### RECORD EXCERPTS ###
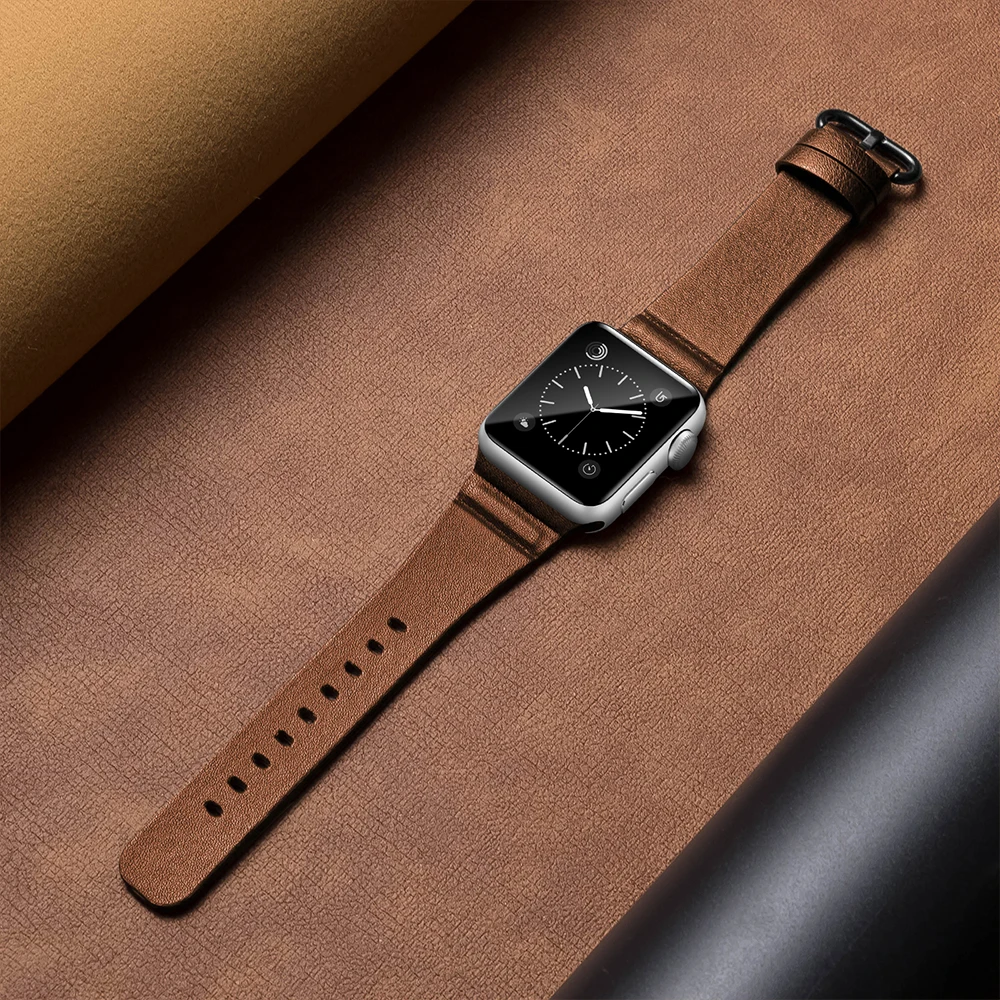 Leather strap for Apple watch 6 5 4 SE 3 44mm 42mm 40mm 38mm premium replacement bracelet strap for iwatch 8 7 45mm 41mm correa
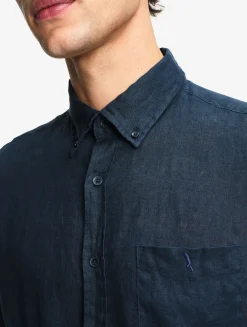 Chemise en lin à manches longues avec poche - Bleu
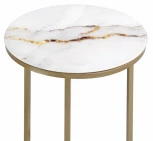Журнальный столик Woodville Иберис круглый белый / золото 500012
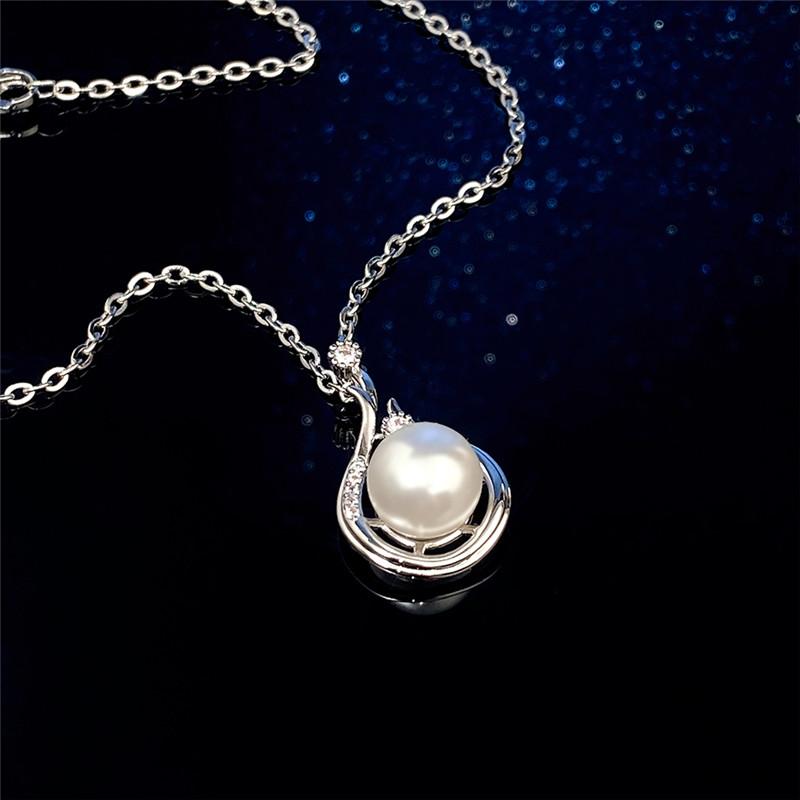 Huitan Water Drop Pendant Necklace with Simulated Pearl Engagement Wedding Party Elegant Accessories for Women Fashion Jewelry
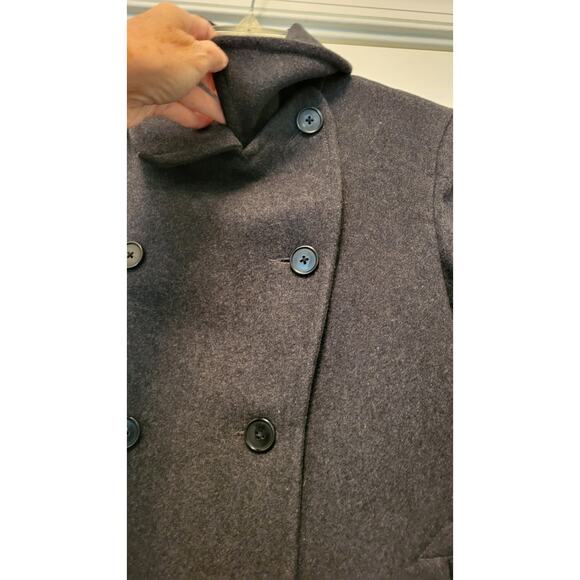 Lands End Wool Blend Women's Double Breasted Pea Coat Gray Size 4 - Picture 12 of 16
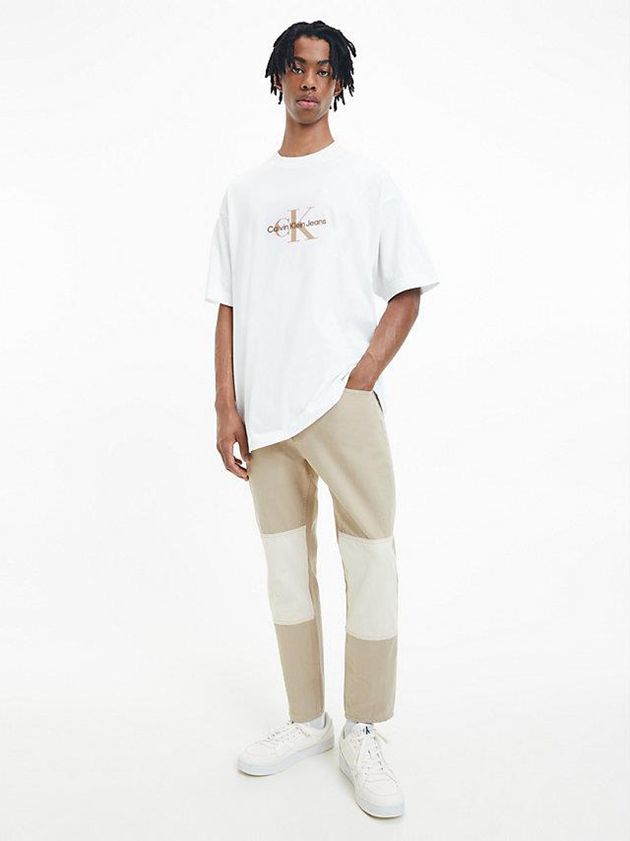 White Calvin Klein Oversized Monogram Men T-Shirt | JEZF-45723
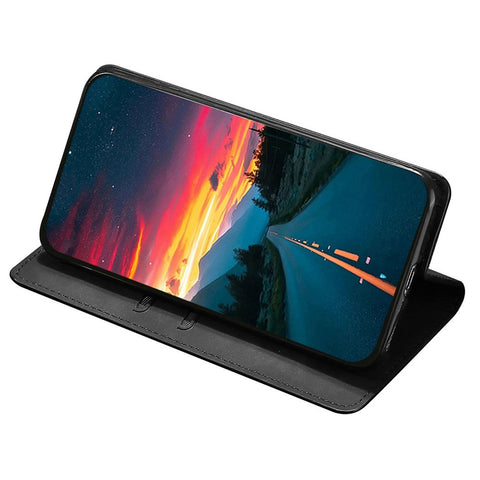 For Oppo A57s 4G / A57e 4G / A57 4G Magnetic Auto-absorbed Anti-scratch Phone Case Stand PU Leather Skin-touch Feeling Mobile Phone Cover with Card Holder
###
* [TO DO]:
Print all of the data exactly, and do not carry over any pictures.

* [COMPLETED TASK]:
 Leather strap for Apple watch 6 5 4 SE 3 44mm 42mm 40mm 38mm premium replacement bracelet strap for iwatch 8 7 45mm 41mm correa
 Chemise en lin à manches longues avec poche - Bleu
Журнальный столик Woodville Иберис круглый белый / золото 500012
 Huitan Water Drop Pendant Necklace with Simulated Pearl Engagement Wedding Party Elegant Accessories for Women Fashion Jewelry
 Lands End Wool Blend Women's Double Breasted Pea Coat Gray Size 4 - Picture 12 of 16
 White Calvin Klein Oversized Monogram Men T-Shirt | JEZF-45723
 For Oppo A57s 4G / A57e 4G / A57 4G Magnetic Auto-absorbed Anti-scratch Phone Case Stand PU Leather Skin-touch Feeling Mobile Phone Cover with Card Holder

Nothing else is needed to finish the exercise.